## PROBLEM DETAILS
Take the data below and extract the lines from the one with "Brauner Echtleder Rucksack" to the one with "CHANEL Matelasse Chain", inclusive, exactly as written.

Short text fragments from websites
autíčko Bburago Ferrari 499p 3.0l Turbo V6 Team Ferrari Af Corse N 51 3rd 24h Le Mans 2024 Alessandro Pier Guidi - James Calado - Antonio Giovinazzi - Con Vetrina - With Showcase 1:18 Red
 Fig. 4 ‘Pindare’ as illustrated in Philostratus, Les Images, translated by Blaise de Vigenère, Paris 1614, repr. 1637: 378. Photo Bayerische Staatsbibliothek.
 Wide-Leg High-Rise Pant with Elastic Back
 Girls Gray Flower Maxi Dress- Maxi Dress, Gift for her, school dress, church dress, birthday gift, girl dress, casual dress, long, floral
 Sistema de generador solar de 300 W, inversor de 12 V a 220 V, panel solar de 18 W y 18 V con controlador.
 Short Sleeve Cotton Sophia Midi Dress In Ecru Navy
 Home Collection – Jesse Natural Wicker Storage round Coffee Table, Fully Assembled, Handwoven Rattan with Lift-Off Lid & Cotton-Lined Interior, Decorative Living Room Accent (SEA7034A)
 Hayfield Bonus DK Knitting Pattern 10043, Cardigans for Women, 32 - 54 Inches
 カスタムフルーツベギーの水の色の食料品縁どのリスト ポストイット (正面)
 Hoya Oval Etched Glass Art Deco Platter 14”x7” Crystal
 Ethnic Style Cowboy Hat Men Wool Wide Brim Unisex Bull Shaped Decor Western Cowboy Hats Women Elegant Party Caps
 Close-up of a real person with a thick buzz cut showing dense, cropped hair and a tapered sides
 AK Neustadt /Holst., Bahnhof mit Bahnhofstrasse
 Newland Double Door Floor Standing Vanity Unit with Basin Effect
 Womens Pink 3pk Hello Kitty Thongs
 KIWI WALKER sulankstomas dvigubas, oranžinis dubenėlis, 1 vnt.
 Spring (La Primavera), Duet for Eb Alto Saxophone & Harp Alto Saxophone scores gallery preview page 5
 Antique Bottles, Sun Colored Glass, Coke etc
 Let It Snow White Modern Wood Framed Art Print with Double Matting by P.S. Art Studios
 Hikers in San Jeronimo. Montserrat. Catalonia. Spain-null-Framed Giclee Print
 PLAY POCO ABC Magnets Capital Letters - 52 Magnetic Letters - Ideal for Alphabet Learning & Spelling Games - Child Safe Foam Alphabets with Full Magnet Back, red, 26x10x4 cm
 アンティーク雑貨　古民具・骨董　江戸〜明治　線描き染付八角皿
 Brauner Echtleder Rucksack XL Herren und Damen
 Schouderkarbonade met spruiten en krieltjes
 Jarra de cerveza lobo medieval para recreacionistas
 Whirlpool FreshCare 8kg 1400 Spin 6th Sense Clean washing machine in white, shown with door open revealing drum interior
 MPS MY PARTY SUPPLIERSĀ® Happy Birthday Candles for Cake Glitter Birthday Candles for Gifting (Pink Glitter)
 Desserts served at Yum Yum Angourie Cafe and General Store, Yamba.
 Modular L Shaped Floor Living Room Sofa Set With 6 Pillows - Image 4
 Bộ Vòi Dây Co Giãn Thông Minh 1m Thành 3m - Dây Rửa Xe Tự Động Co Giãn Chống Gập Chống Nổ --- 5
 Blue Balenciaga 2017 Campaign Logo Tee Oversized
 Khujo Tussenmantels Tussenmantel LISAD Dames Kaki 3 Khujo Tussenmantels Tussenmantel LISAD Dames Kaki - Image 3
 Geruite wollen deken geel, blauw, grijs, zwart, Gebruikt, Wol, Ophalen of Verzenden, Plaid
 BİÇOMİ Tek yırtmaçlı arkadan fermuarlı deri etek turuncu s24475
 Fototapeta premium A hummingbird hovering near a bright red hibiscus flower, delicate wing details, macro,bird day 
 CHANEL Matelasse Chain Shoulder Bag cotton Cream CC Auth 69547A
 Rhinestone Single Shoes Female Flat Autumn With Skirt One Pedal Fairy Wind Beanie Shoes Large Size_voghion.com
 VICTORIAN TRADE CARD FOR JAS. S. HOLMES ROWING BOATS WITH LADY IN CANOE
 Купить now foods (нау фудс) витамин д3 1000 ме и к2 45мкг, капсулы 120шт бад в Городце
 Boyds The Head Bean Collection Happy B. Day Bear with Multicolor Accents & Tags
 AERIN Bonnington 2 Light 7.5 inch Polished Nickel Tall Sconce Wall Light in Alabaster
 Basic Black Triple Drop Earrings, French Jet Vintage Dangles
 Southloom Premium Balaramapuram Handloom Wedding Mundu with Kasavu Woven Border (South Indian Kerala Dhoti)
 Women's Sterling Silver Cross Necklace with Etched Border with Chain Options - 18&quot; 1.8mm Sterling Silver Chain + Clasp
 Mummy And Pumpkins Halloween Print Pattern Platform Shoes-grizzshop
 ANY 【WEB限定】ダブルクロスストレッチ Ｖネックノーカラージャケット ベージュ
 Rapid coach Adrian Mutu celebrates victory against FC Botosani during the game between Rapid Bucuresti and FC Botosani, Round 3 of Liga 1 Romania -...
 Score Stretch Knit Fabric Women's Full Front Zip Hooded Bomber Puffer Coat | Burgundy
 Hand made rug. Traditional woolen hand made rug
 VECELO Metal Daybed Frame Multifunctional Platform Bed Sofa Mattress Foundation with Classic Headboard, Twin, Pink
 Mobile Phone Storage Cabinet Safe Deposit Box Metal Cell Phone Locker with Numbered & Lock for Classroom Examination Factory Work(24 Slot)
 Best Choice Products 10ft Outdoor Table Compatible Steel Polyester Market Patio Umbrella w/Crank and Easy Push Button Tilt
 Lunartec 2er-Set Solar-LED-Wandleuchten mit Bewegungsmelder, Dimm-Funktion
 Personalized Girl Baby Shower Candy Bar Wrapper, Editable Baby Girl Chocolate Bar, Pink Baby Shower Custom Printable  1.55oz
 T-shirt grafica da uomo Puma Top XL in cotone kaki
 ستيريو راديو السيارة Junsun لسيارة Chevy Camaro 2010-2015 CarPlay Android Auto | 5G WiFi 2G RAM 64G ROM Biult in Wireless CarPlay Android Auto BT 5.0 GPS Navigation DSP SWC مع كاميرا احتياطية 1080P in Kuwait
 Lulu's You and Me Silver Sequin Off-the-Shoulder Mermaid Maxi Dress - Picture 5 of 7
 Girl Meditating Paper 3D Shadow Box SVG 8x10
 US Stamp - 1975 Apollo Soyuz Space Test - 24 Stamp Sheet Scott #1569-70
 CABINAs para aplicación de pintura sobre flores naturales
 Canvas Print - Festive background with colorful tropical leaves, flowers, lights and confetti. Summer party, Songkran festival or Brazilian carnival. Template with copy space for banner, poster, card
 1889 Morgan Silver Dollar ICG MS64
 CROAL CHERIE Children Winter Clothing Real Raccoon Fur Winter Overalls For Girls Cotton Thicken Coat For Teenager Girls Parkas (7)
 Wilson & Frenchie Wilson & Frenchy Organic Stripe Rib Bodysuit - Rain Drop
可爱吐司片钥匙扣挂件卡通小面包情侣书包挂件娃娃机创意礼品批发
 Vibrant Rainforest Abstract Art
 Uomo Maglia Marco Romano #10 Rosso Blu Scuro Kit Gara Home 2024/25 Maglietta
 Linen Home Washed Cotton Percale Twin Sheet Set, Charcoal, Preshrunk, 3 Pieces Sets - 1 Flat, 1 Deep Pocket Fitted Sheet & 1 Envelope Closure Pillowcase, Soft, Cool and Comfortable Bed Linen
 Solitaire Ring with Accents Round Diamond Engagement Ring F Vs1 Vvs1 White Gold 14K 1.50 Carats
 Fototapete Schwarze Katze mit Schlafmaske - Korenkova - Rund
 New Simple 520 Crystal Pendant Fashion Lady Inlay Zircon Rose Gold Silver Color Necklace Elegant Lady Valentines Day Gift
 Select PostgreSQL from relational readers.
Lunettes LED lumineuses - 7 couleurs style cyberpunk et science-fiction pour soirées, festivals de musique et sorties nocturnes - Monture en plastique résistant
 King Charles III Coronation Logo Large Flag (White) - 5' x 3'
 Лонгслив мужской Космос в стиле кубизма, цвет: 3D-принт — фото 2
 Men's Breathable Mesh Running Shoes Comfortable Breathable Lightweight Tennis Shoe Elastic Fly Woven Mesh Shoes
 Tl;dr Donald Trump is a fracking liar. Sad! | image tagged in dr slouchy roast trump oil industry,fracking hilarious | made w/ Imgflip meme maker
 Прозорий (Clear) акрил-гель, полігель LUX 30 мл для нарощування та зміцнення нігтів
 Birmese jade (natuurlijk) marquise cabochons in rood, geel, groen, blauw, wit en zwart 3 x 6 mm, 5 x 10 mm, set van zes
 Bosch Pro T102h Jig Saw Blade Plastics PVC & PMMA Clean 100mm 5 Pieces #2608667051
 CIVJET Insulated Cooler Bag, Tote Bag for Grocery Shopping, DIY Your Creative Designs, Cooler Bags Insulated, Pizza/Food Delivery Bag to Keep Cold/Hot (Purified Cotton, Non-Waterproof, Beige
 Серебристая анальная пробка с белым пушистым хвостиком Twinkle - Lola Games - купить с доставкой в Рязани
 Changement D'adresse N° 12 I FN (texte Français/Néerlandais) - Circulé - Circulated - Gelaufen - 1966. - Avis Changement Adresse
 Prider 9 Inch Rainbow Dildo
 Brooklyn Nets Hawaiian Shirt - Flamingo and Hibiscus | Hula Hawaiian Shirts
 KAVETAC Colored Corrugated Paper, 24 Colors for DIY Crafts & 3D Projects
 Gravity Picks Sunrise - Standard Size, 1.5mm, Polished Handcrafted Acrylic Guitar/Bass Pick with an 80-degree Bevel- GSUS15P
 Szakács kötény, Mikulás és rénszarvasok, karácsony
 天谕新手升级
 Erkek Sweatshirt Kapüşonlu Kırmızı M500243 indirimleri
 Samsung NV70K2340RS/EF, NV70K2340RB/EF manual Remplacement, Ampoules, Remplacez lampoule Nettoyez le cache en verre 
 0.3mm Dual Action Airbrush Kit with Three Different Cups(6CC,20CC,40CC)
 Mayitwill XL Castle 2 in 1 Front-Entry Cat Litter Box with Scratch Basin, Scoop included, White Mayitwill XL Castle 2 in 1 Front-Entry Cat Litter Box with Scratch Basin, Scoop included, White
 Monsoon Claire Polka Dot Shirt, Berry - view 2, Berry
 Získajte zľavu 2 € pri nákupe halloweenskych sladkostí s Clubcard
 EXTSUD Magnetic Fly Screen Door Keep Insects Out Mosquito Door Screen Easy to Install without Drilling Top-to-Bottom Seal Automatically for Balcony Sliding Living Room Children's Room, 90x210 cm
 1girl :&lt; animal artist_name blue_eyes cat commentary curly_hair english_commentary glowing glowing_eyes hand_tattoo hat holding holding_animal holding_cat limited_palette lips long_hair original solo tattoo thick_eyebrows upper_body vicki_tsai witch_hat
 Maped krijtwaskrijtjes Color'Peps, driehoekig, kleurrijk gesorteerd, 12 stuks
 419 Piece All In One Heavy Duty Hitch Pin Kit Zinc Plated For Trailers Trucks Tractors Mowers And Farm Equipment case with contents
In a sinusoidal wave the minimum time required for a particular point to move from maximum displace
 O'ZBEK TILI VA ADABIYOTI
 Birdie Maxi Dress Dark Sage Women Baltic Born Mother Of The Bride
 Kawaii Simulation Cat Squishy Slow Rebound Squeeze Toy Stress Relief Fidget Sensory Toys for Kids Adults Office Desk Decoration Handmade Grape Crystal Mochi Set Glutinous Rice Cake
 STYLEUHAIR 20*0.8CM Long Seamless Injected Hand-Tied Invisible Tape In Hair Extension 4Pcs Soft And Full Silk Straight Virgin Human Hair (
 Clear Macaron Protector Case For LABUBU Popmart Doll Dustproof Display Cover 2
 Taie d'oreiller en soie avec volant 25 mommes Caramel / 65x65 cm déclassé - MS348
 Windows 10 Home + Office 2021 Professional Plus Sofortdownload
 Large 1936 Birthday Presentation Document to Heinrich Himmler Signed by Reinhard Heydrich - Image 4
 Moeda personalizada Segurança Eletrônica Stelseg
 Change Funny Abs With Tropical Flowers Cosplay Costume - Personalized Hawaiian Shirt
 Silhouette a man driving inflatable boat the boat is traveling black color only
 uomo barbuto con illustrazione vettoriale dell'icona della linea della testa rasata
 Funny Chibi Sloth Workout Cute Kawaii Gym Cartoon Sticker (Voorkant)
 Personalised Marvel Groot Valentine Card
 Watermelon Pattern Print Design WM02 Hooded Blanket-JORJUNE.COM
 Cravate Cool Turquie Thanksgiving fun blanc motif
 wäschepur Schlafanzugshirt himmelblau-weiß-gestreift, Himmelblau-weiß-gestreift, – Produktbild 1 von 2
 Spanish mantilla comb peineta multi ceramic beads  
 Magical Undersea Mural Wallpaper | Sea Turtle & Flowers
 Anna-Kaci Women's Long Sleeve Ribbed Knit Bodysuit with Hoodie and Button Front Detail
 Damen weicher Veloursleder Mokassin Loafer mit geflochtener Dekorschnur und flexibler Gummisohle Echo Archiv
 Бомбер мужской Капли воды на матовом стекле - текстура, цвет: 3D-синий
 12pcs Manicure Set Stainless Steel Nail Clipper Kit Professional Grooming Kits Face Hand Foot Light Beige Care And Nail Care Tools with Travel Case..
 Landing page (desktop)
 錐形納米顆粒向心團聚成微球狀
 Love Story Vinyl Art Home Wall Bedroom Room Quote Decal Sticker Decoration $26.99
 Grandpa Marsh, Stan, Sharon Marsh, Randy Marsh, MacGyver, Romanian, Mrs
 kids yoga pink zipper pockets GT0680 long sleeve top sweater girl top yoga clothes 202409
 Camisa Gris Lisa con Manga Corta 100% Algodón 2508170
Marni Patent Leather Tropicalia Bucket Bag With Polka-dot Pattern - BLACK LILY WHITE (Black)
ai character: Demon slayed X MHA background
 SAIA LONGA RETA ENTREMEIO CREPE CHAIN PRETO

## EXERCISE SOLUTION
 Brauner Echtleder Rucksack XL Herren und Damen
 Schouderkarbonade met spruiten en krieltjes
 Jarra de cerveza lobo medieval para recreacionistas
 Whirlpool FreshCare 8kg 1400 Spin 6th Sense Clean washing machine in white, shown with door open revealing drum interior
 MPS MY PARTY SUPPLIERSĀ® Happy Birthday Candles for Cake Glitter Birthday Candles for Gifting (Pink Glitter)
 Desserts served at Yum Yum Angourie Cafe and General Store, Yamba.
 Modular L Shaped Floor Living Room Sofa Set With 6 Pillows - Image 4
 Bộ Vòi Dây Co Giãn Thông Minh 1m Thành 3m - Dây Rửa Xe Tự Động Co Giãn Chống Gập Chống Nổ --- 5
 Blue Balenciaga 2017 Campaign Logo Tee Oversized
 Khujo Tussenmantels Tussenmantel LISAD Dames Kaki 3 Khujo Tussenmantels Tussenmantel LISAD Dames Kaki - Image 3
 Geruite wollen deken geel, blauw, grijs, zwart, Gebruikt, Wol, Ophalen of Verzenden, Plaid
 BİÇOMİ Tek yırtmaçlı arkadan fermuarlı deri etek turuncu s24475
 Fototapeta premium A hummingbird hovering near a bright red hibiscus flower, delicate wing details, macro,bird day 
 CHANEL Matelasse Chain Shoulder Bag cotton Cream CC Auth 69547A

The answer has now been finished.